On the other hand, unconscionability denotes elements of unfairness, reprehensible conduct or acts lacking in good faith such that the court would restrain the employer from calling on the guarantee. Courts in Singapore and Australia have both developed different standards for a contractor seeking to establish that a call on a guarantee is unconscionable, while the exception is considerably less established in the UK. By way of illustration, the Singapore High Court recently provided some examples for when an injunction might be granted to restrain the call of a performance bond for unconscionability:
- calls for excessive sums;
- calls based on contractual breaches that the beneficiary of the call itself is responsible for;
- calls tainted by ‘unclean hands’ e.g. supported by inflated estimates of damages or based on incomplete disclosures;
- calls made for ulterior motives; and
- calls based on a position which is inconsistent with the stance that the beneficiary took prior to calling on the performance bond.
There are therefore limited scenarios in which a contractor may invoke the “unconscionability exception” to prevent a call on an on-demand bank guarantee. To compound matters, the Singapore Court of Appeal has stated that parties can contract out of the unconscionability exception, which, depending on the parties’ relative negotiating power, may make it even more difficult for contractors to restrain an impending bond call.
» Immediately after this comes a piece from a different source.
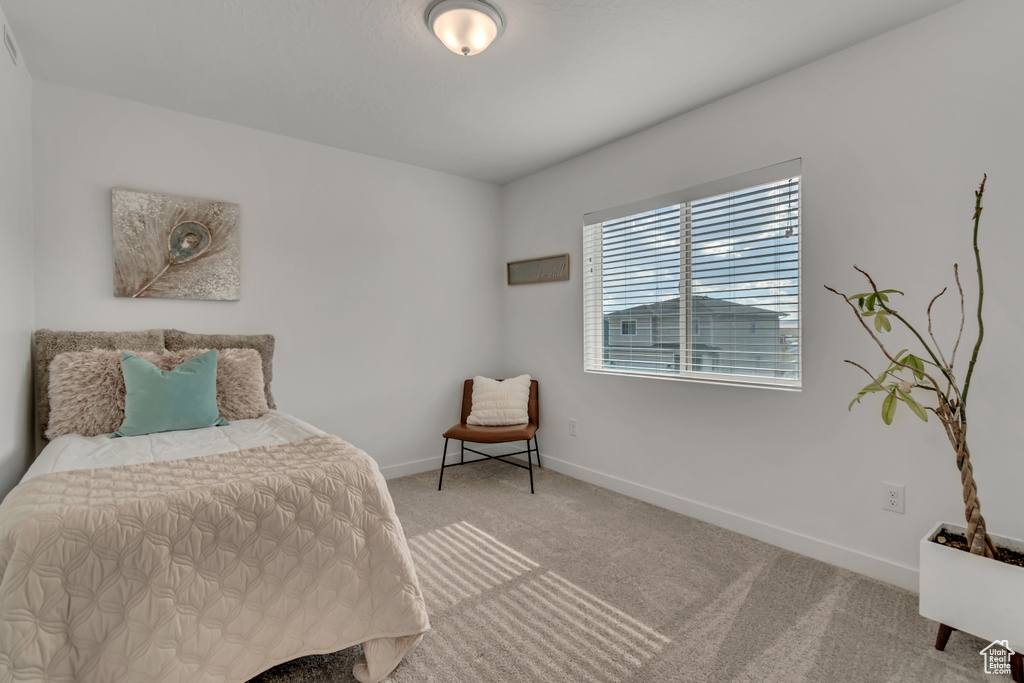 Carpeted bedroom with baseboards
The challenges faced by contractors in preventing a call on an on-demand performance bond are therefore considerable.
Applying for interim measures under the ICC Rules
Instead of seeking court intervention, GE and Mytilineos followed a different path. They applied to the ICC tribunal under Article 28 of the ICC Rules for interim measures to restrain the call on the guarantees made by SPE. Article 28 provides that, once the arbitration is transferred to the arbitral tribunal, it can “order any interim or conservatory measures that [the arbitral tribunal] deems appropriate”.
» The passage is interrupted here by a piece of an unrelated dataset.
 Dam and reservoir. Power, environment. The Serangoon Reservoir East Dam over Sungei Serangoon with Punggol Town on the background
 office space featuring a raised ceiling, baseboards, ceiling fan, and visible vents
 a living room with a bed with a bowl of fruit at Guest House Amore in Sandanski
The tribunal granted the contractors an order that SPE withdraw its request for the enforcement of the bank guarantees. In doing so, it referred specifically to its jurisdiction under Article 28, as well as referring to the general recognition of a tribunal’s jurisdiction to order interim measures in many national codes of civil procedure and other arbitral rules. The tribunal’s reasoning to make the order for the withdrawal of SPE’s call was two-fold:
- maintaining the status quo during the arbitral proceedings is essential and measures may be ordered to avoid aggravation of the dispute;
- it was contrary to the duty of loyalty in arbitration law for SPE to seek to coerce GE and Mytilineos to withdraw from the arbitration.
Whilst the behaviour of SPE was the type that would likely meet the test of “unconscionability” under, say, Singapore law, it is apparent that the tribunal reached beyond domestic legal principles of fraud, unconscionability and abuse of process. Article 28 provided the tribunal with the jurisdiction to consider all the circumstances to determine what was appropriate in the circumstances. This included the principle of maintaining the status quo in the arbitration, pending the final resolution of the substantive disputes.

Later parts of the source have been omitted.